[Exercise data]
= Beginning of Section =

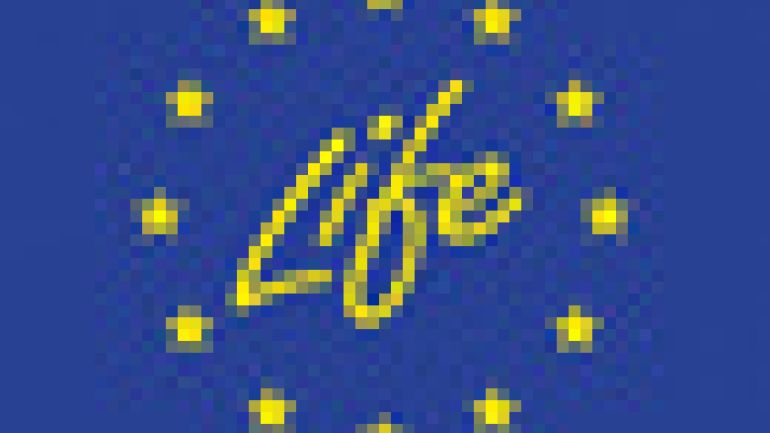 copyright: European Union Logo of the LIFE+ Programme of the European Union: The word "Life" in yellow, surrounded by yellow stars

= End of Section =
= Beginning of Section =

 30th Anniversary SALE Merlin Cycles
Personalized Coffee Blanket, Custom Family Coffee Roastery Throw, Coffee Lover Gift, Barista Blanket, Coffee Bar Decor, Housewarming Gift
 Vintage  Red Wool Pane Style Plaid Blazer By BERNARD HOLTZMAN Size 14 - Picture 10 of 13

= End of Section =
= Beginning of Section =

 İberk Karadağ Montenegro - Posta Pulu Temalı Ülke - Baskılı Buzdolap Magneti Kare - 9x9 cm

= End of Section =

[What to do] Retype the records above, but only those lines that fall between the line containing "30th Anniversary SALE Merlin Cycles" and the line containing "Picture 10 of 13", with both of those lines included, exactly as written.

[Answer box]
 30th Anniversary SALE Merlin Cycles
Personalized Coffee Blanket, Custom Family Coffee Roastery Throw, Coffee Lover Gift, Barista Blanket, Coffee Bar Decor, Housewarming Gift
 Vintage  Red Wool Pane Style Plaid Blazer By BERNARD HOLTZMAN Size 14 - Picture 10 of 13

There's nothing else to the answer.